== YOUR INSTRUCTIONS ==
Beginning with the line where "American Eagle Outfitters" appears, set down each line exactly until the records below end, and omit the pictures.

==*==

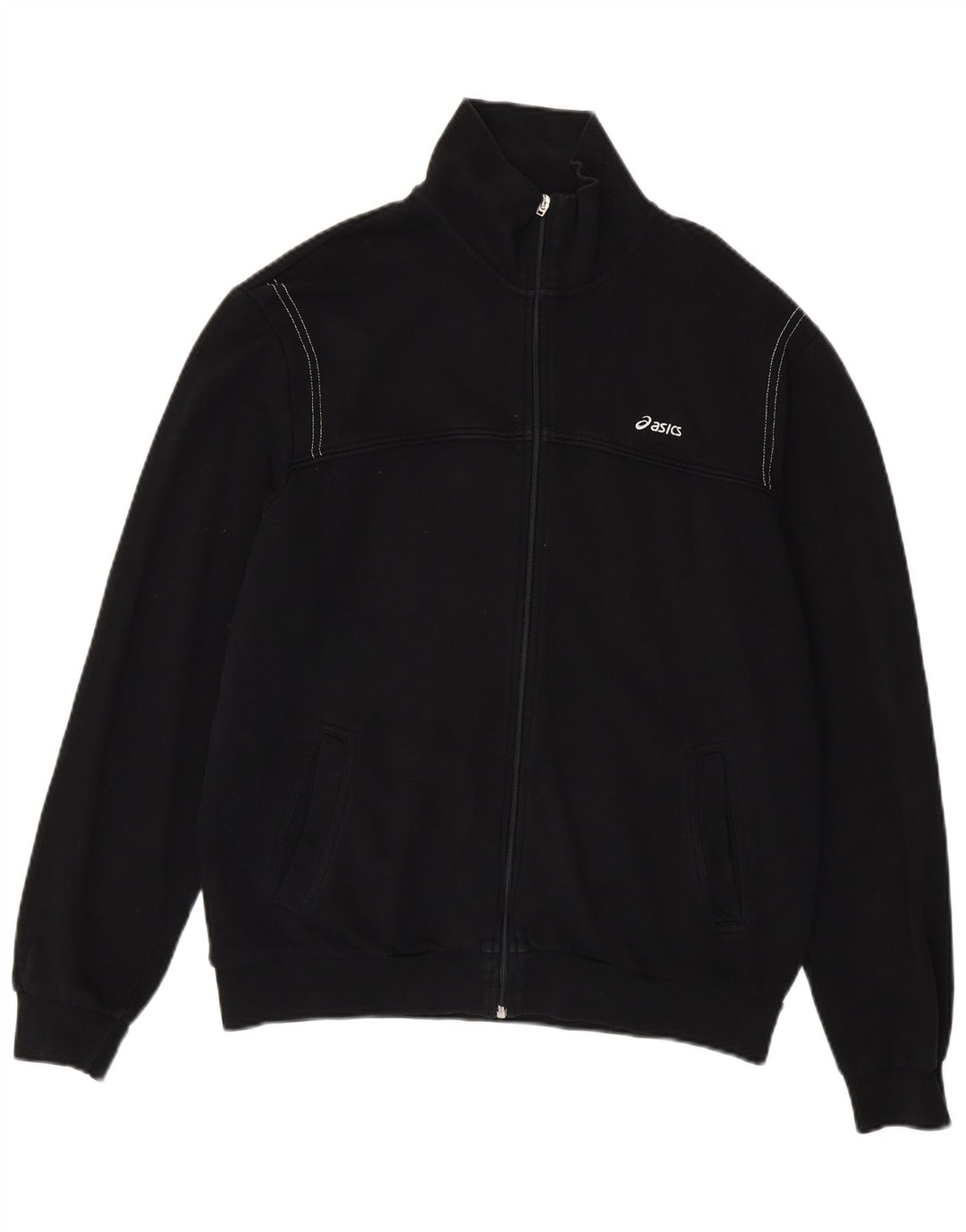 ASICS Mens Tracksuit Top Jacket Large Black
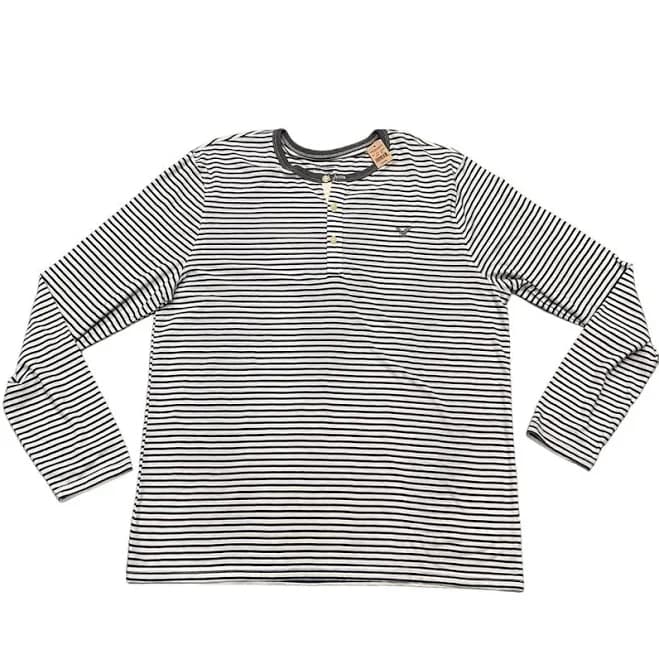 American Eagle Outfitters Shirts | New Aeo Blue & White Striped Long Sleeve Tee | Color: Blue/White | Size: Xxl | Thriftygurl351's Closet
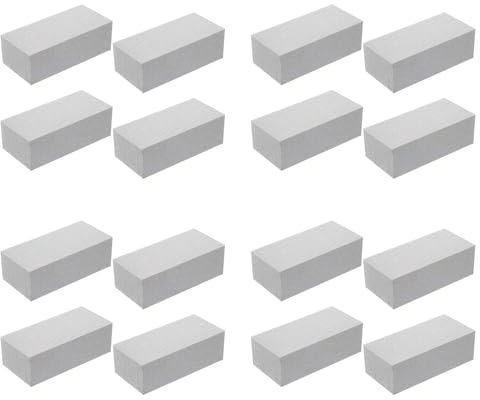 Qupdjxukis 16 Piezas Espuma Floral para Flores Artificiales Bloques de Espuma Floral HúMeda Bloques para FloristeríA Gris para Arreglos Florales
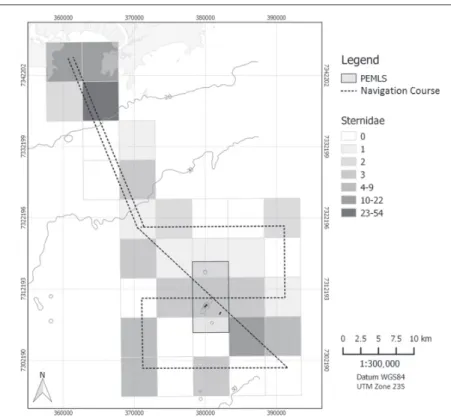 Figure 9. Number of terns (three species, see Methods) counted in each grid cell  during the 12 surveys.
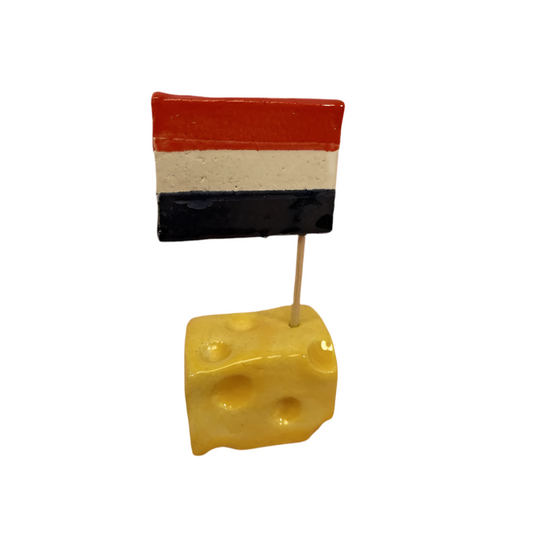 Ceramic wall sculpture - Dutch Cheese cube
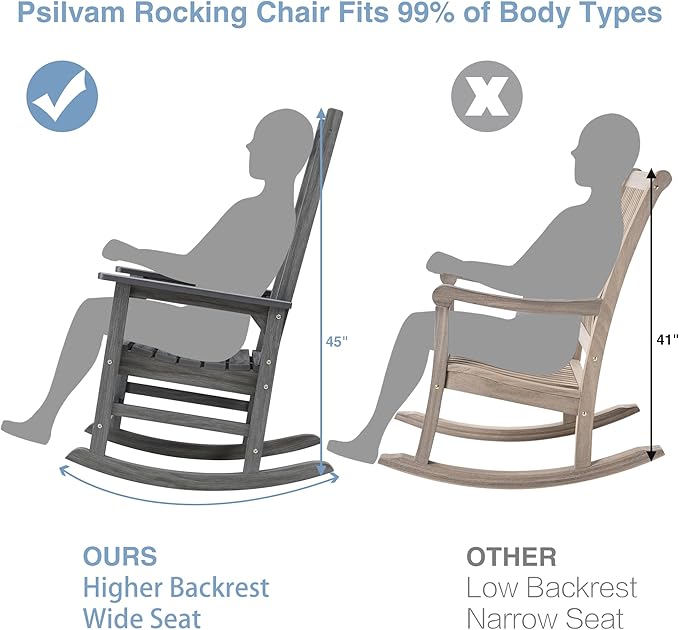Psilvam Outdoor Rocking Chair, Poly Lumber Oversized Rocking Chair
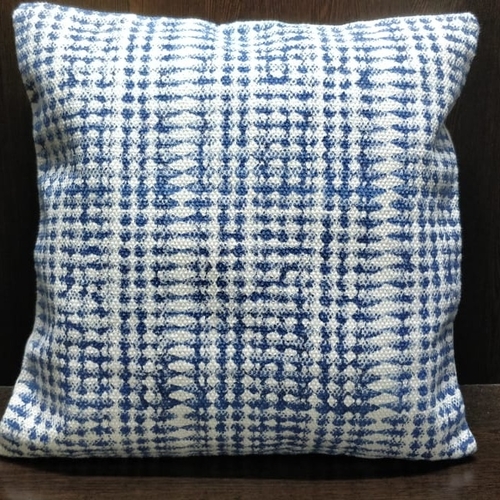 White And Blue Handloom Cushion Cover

==*==

== RESPONSE TO THIS TASK ==
 American Eagle Outfitters Shirts | New Aeo Blue & White Striped Long Sleeve Tee | Color: Blue/White | Size: Xxl | Thriftygurl351's Closet
 Qupdjxukis 16 Piezas Espuma Floral para Flores Artificiales Bloques de Espuma Floral HúMeda Bloques para FloristeríA Gris para Arreglos Florales
 Figure 9. Number of terns (three species, see Methods) counted in each grid cell  during the 12 surveys.
 Ceramic wall sculpture - Dutch Cheese cube
Psilvam Outdoor Rocking Chair, Poly Lumber Oversized Rocking Chair
 White And Blue Handloom Cushion Cover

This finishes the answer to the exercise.